Strike is very stylish, and a surprisingly intense puppy. It's eye catching.


----------



## Remaru (Mar 16, 2014)

Her face!!! That last picture, wow! I am glad her ears are standing now so you don't have to worry about them.


----------



## bowie (Apr 26, 2010)

Such great looking pups. Congrats


----------



## BostonBullMama (Apr 20, 2013)

Striker is GORGEOUS. Meep is also super cute <3 They're great looking dogs.


----------



## cookieface (Jul 6, 2011)

Xeph said:


> 13.5 weeks of age


Ears are nice, but look at that little tongue! Such a pretty girl.


----------



## ChaosIsAWeim (Feb 12, 2011)

Meep is gorgeous, you are going to have a lot of fun with her Xeph.


----------



## fourdogs (Feb 3, 2014)

Gorgeous pups!


----------



## Damon'sMom (Aug 2, 2011)

Mikasa is beautiful, when do you plan on starting shows with her?


----------



## Xeph (May 7, 2007)

End of January. The judge that gave Wesson two majors will be at a local show and he is good with puppies. The show is generally pretty small, too. So maybe I'll get lucky and will take home a pointed puppy


----------



## Kayota (Aug 14, 2009)

Good luck!!


----------



## cookieface (Jul 6, 2011)

Xeph said:


> End of January. The judge that gave Wesson two majors will be at a local show and he is good with puppies. The show is generally pretty small, too. So maybe I'll get lucky and will take home a pointed puppy


With gorgeous Mikasa, I don't think you'll need luck.


----------



## Xeph (May 7, 2007)

Her three siblings will also be entered LOL


----------



## BostonBullMama (Apr 20, 2013)

Xeph said:


> Her three siblings will also be entered LOL


That'll be cool to see the three of them put against each other!


----------



## Sibe (Nov 21, 2010)

I hate when I miss threads like this! I'll be following forever now... Puppy!!!!!!


----------



## Xeph (May 7, 2007)

BostonBullMama said:


> That'll be cool to see the three of them put against each other!
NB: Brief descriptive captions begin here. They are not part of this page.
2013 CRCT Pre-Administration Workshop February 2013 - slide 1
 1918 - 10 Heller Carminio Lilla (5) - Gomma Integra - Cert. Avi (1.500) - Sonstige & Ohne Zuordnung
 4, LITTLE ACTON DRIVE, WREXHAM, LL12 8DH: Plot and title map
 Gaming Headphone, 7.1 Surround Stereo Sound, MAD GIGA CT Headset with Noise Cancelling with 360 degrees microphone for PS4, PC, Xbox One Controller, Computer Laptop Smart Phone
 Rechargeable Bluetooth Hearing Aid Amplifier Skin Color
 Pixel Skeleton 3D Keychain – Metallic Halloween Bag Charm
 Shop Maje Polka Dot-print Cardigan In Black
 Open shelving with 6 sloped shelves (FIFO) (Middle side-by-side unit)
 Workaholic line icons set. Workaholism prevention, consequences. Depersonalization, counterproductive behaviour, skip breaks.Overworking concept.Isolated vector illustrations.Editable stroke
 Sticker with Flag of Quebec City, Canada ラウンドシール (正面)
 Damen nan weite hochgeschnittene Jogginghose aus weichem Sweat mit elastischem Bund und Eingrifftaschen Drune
Four  Two brothers, a sister, and Meep 

Look! It's Ouzo!


----------



## tirluc (Aug 29, 2006)

I like Ouzo!!!!


----------



## Xeph (May 7, 2007)

Ouzo is a pretty cool dude from what I hear. I haven't gotten to see him since he left. Hopefully I'll see him soon


----------



## SDRRanger (May 2, 2013)

When you stack a gsd, is it always the same leg that goes back at the right angle ?


----------



## Xeph (May 7, 2007)

Yup, always the same  Their left side is their "Show side" so the left rear leg always goes back


----------



## SDRRanger (May 2, 2013)

Xeph said:


> Yup, always the same  Their left side is their "Show side" so the left rear leg always goes back


Thanks for the answer  I've learned so much on this forum, and can't wait to see your girl progressing


----------



## Kayota (Aug 14, 2009)

Man Ouzo is beautiful and so big!


----------



## Xeph (May 7, 2007)

The puppies turned 17 weeks old today

Mikasa









Striker (Devlin), who I was SUPER excited to see. Last time I saw him he was 12 weeks old.


----------



## CandyLeopard (Oct 14, 2013)

Wow they sure are growing!! Beautiful pups.


----------



## Xeph (May 7, 2007)

Kinda ridiculously excited about them.

Cannot wait for the futurity. I think we'll be heading down to Georgia for that.


----------



## BostonBullMama (Apr 20, 2013)

Mikasa looks SO MUCH like her Mother! Holy cow. Gorgeous girl. She looks fantastic.


----------



## Xeph (May 7, 2007)

No new pics of Meep because she is currently a dirty heathen and needs a bath, but sister London stopped by last week for some training work and we got some pictures. I don't think Mikasa looks like either of her parents (the stud dog owner referred to her as "The Milkman's baby"), but London? Wesson clone.


----------



## BostonBullMama (Apr 20, 2013)

Gorgeous <3 I love watching them grow. They're so big!


----------



## gingerkid (Jul 11, 2012)

Wow, they are both so stunning! And growing up so fast!


----------



## bowie (Apr 26, 2010)

Oh my goodness, I am in love with London. What a beautiful pup.


----------



## HollowHeaven (Feb 5, 2012)

Xeph said:


> No new pics of Meep because she is currently a dirty heathen and needs a bath, but sister London stopped by last week for some training work and we got some pictures. I don't think Mikasa looks like either of her parents (the stud dog owner referred to her as "The Milkman's baby"), but London? Wesson clone.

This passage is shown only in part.